▶ **RECORD EXCERPTS**
++++++++
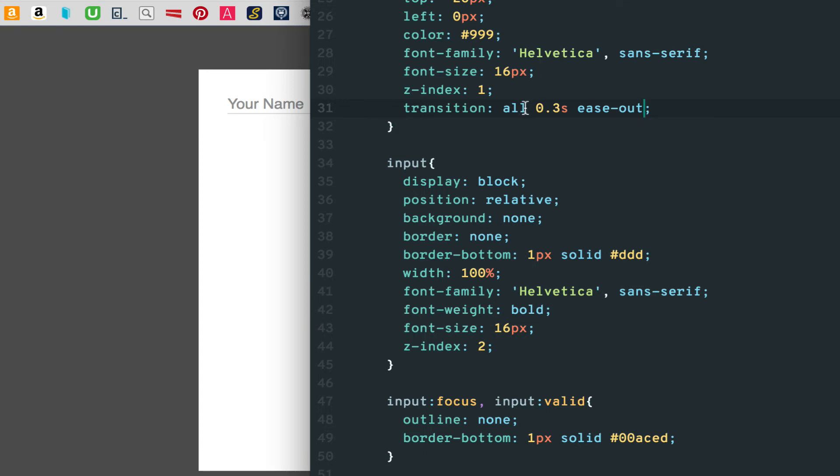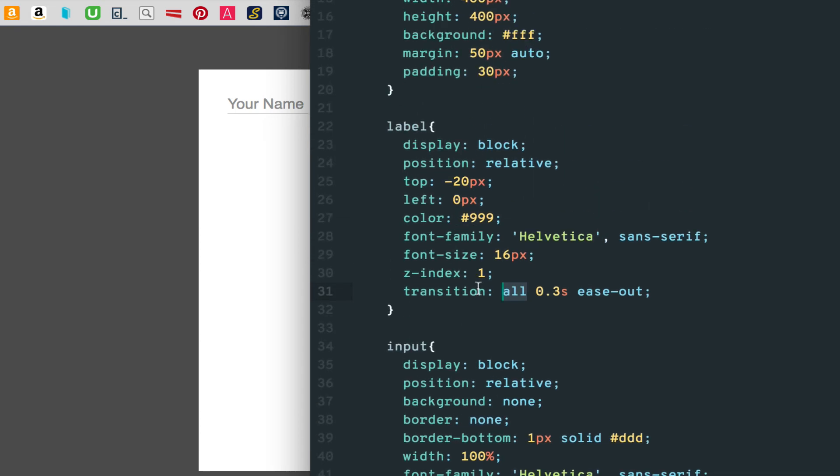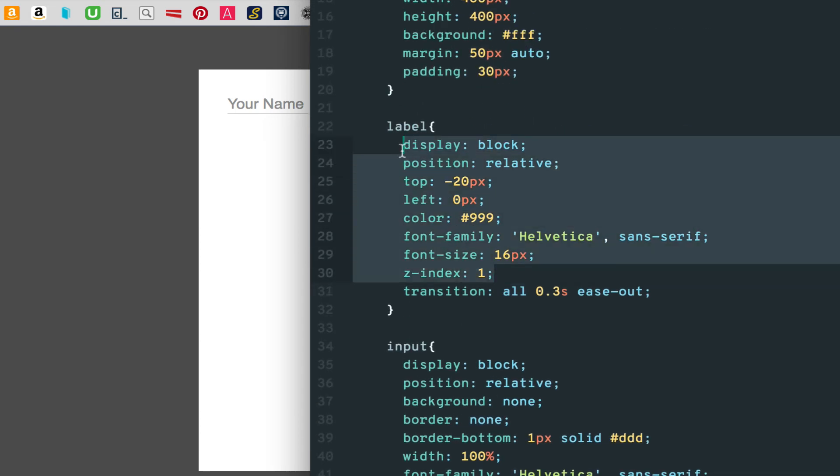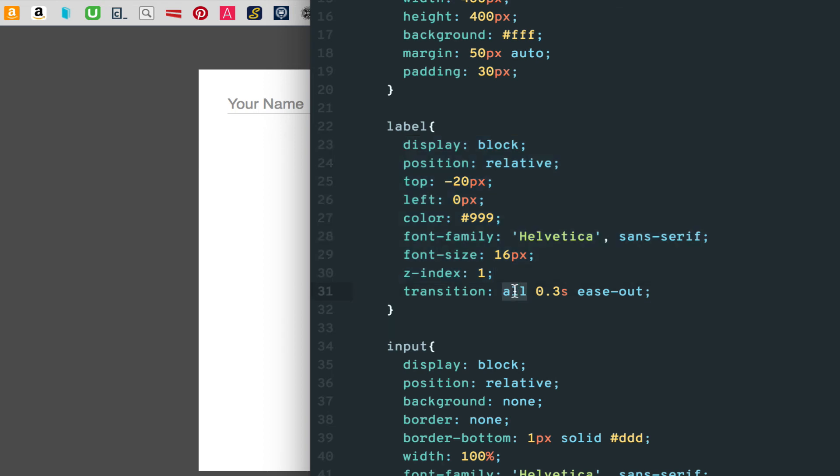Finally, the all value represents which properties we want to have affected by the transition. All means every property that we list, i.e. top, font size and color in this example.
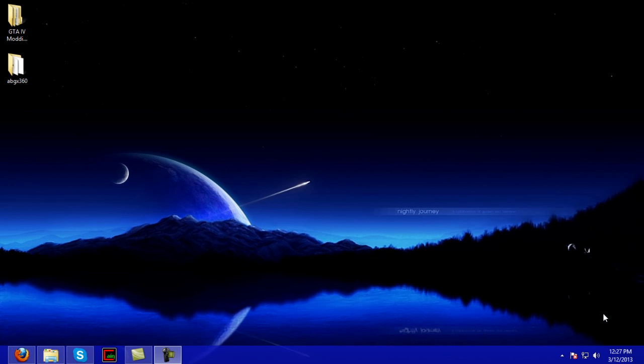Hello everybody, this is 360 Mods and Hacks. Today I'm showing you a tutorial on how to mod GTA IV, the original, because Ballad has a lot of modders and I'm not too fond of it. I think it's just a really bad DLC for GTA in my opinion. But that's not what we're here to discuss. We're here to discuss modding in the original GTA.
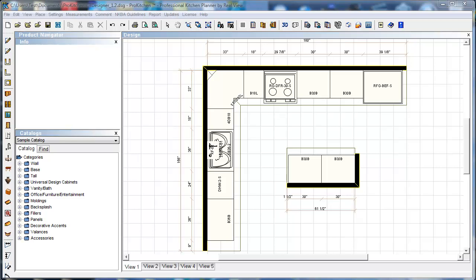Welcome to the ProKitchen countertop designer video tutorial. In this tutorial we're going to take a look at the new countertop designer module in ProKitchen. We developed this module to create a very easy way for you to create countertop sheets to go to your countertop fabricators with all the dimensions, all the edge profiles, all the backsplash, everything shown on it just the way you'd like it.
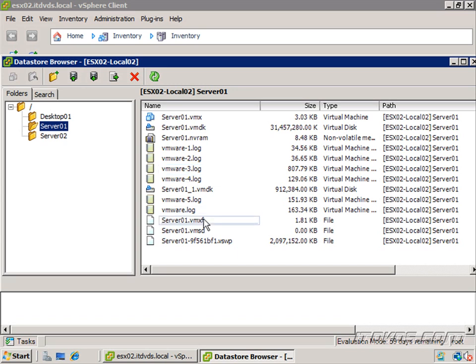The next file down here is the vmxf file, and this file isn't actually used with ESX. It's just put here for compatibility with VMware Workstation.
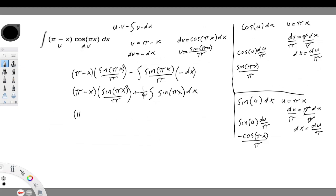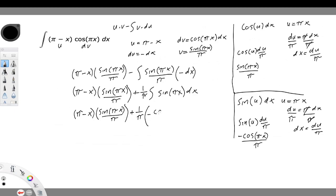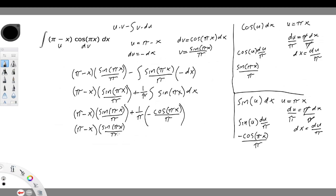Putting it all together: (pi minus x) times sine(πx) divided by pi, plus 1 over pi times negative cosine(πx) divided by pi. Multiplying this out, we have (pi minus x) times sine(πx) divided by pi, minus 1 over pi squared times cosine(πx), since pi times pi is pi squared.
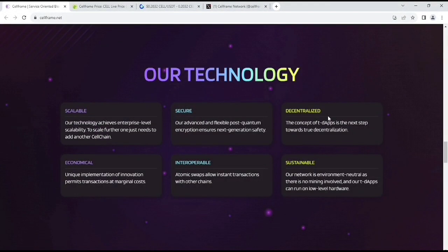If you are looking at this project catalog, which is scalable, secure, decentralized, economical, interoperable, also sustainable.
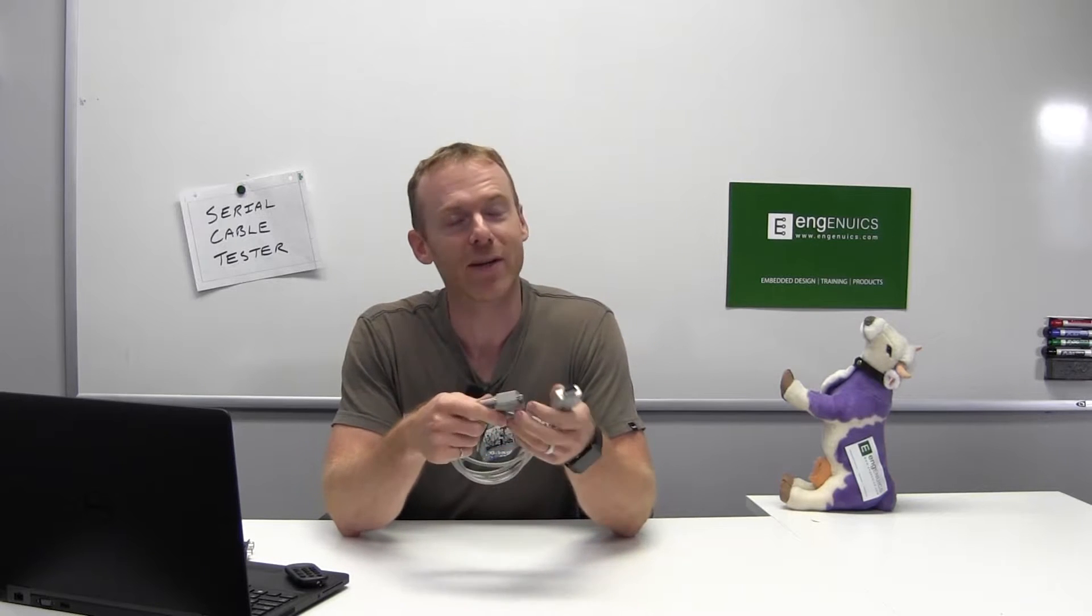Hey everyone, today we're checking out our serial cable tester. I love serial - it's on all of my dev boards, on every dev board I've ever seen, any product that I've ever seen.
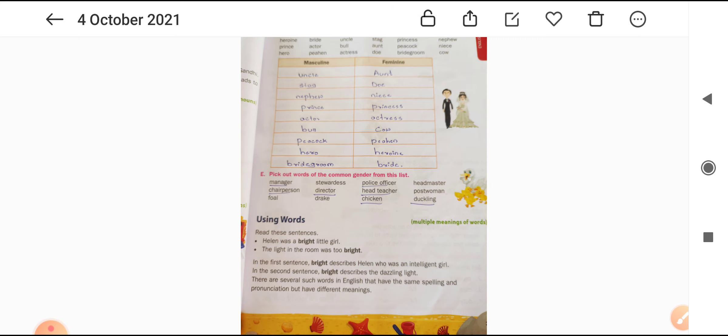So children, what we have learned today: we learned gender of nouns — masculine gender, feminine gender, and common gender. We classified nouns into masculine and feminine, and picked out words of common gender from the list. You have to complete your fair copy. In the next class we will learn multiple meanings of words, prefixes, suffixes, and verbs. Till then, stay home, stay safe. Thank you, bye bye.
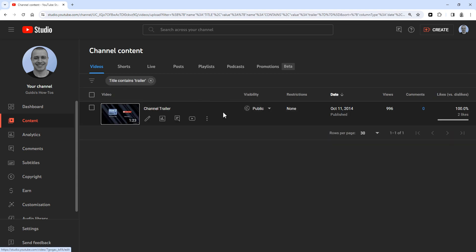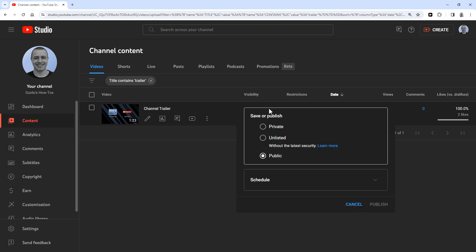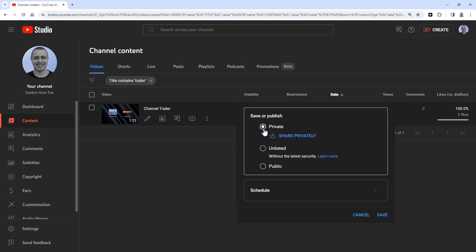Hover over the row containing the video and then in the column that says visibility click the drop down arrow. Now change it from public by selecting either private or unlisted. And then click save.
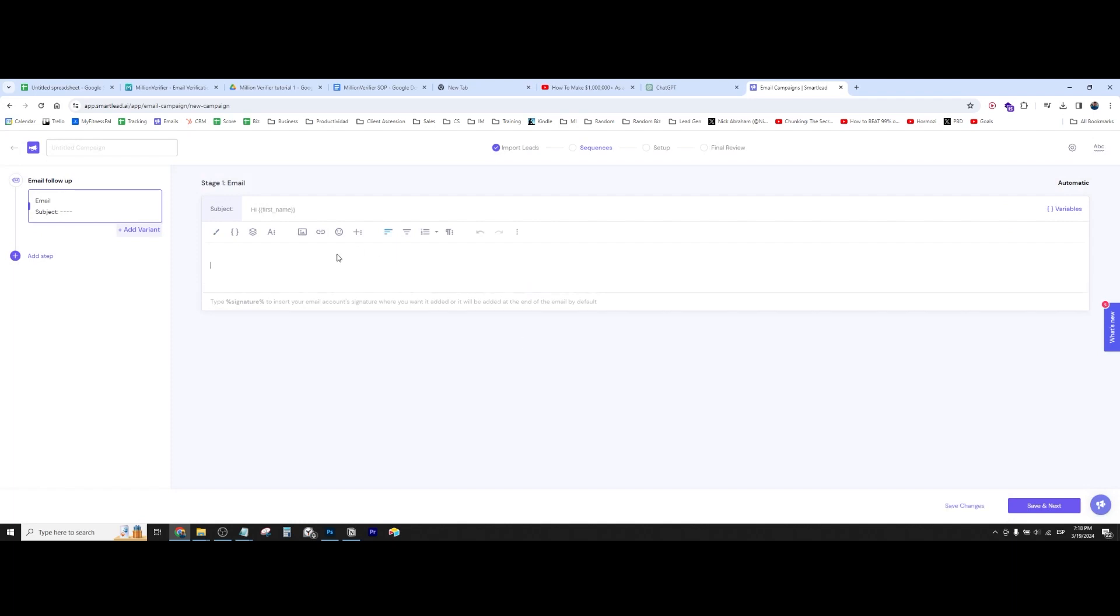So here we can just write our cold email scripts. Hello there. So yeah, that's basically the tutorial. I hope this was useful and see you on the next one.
++++++++
What you print must be exactly the lines from the one containing "Putting it all" through the last line of the material, and no pictures.

▶ **EXPECTED ANSWER**
Putting it all together: (pi minus x) times sine(πx) divided by pi, plus 1 over pi times negative cosine(πx) divided by pi. Multiplying this out, we have (pi minus x) times sine(πx) divided by pi, minus 1 over pi squared times cosine(πx), since pi times pi is pi squared.
If you are looking at this project catalog, which is scalable, secure, decentralized, economical, interoperable, also sustainable.
Hey everyone, today we're checking out our serial cable tester. I love serial - it's on all of my dev boards, on every dev board I've ever seen, any product that I've ever seen.
So children, what we have learned today: we learned gender of nouns — masculine gender, feminine gender, and common gender. We classified nouns into masculine and feminine, and picked out words of common gender from the list. You have to complete your fair copy. In the next class we will learn multiple meanings of words, prefixes, suffixes, and verbs. Till then, stay home, stay safe. Thank you, bye bye.
Hover over the row containing the video and then in the column that says visibility click the drop down arrow. Now change it from public by selecting either private or unlisted. And then click save.
So here we can just write our cold email scripts. Hello there. So yeah, that's basically the tutorial. I hope this was useful and see you on the next one.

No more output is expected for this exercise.